The first torpedo fired in synchrony with two more tentacle flails. It slammed into the base of one, turning the nose of the frigate as a soul-wrenching cry filled the bridge. The second one, however, slammed against the hull, and there was a tearing of metal as it dragged out a scar before gunfire burnt it apart. More tentacles were approaching fast, and it was all the crew could do to keep them at bay.

 

"There!" said Lucien suddenly. "That's the Traveller's ship!"

 

Ternet followed their outstretched hand - it took them a second to spot the tiny black dot whizzing around beneath the belly of the vine-encased leviathan. "They're behind all this...Crew!" Ternet exclaimed. "Get a lock on that ship! Open fire!"

 

The crew fired on the ship with much more enthusiasm, and the tentacles began to curl back in towards it, forming a cage to protect it.
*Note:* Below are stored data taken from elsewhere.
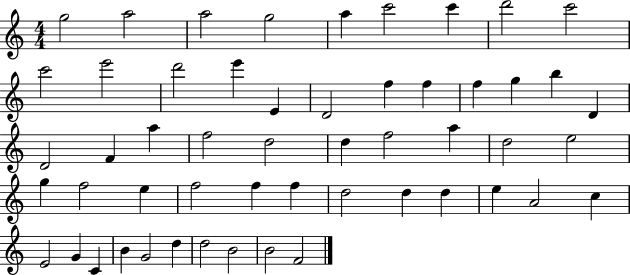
{
  \clef treble
  \numericTimeSignature
  \time 4/4
  \key c \major
  g''2 a''2 | a''2 g''2 | a''4 c'''2 c'''4 | d'''2 c'''2 | \break c'''2 e'''2 | d'''2 e'''4 e'4 | d'2 f''4 f''4 | f''4 g''4 b''4 d'4 | \break d'2 f'4 a''4 | f''2 d''2 | d''4 f''2 a''4 | d''2 e''2 | \break g''4 f''2 e''4 | f''2 f''4 f''4 | d''2 d''4 d''4 | e''4 a'2 c''4 | \break e'2 g'4 c'4 | b'4 g'2 d''4 | d''2 b'2 | b'2 f'2 | \break \bar "|."
}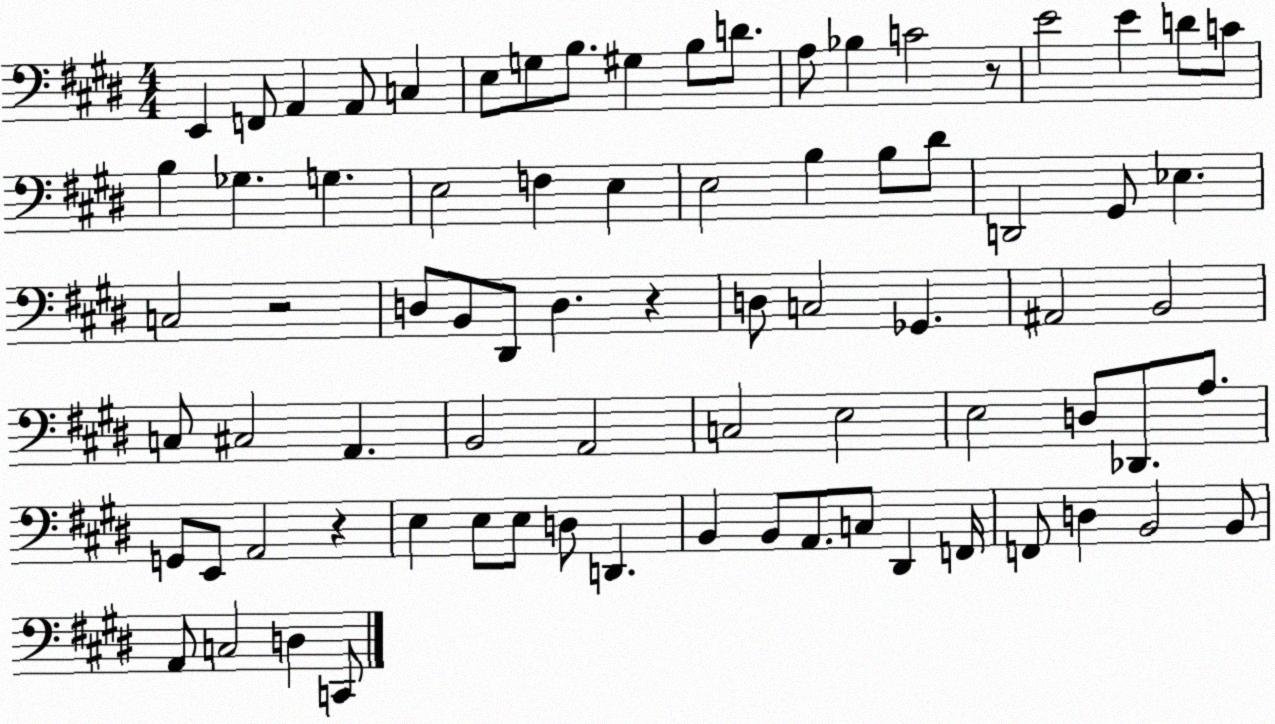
X:1
T:Untitled
M:4/4
L:1/4
K:E
E,, F,,/2 A,, A,,/2 C, E,/2 G,/2 B,/2 ^G, B,/2 D/2 A,/2 _B, C2 z/2 E2 E D/2 C/2 B, _G, G, E,2 F, E, E,2 B, B,/2 ^D/2 D,,2 ^G,,/2 _E, C,2 z2 D,/2 B,,/2 ^D,,/2 D, z D,/2 C,2 _G,, ^A,,2 B,,2 C,/2 ^C,2 A,, B,,2 A,,2 C,2 E,2 E,2 D,/2 _D,,/2 A,/2 G,,/2 E,,/2 A,,2 z E, E,/2 E,/2 D,/2 D,, B,, B,,/2 A,,/2 C,/2 ^D,, F,,/4 F,,/2 D, B,,2 B,,/2 A,,/2 C,2 D, C,,/2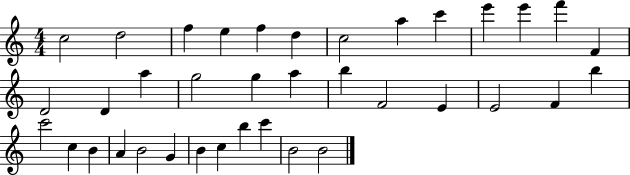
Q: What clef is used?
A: treble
Whoever they were, they were important to this crazy plant, and that was an advantage.

 

"Twenty seconds till warp!" Ternet's strategy had put the leviathan on the defensive, and it raised up tentacles to shield itself from the vigorous gunfire. A second torpedo was charging up.

 

"Ten seconds! Fire that thing now!" someone said, and the torpedo went spinning into the leviathan's side. It cried out again, and this time something went out of it - it seemed less like a weapon and more like an injured animal, being worked until the life drained out of it. The wailing grew quieter, but did not stop. Gently, the gunfire slowed.

 

"Five seconds to warp..."

 

The plant knew what was going on. In one last effort, the leviathan's skin was split down the side of its head, and out with star-coloured blood came innumerable tentacles, reaching as the song reached into their very souls...

 

...then the hyperdrive activated, and the frigate disappeared.

 

In absolute silence, every one of the crew looked out into that swirling abyss of light.

 

"Lucien," Ternet said at last. "Go check on Zed, and see what you can remember about that Traveller."

 

The Korvax looked at them for a long moment, then left.

 

The alarms had stopped blaring, and the lights had returned to white. There was a sad, sad smell in the air, and it took Ternet a while to realise that it came from themself.